(Stored data)

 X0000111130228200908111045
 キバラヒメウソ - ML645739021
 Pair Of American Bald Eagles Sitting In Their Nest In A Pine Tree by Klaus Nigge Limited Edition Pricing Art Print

(End Stored data)

#### Exercise prompt
Write out the whole listing exactly.

#### Solution
 X0000111130228200908111045
 キバラヒメウソ - ML645739021
 Pair Of American Bald Eagles Sitting In Their Nest In A Pine Tree by Klaus Nigge Limited Edition Pricing Art Print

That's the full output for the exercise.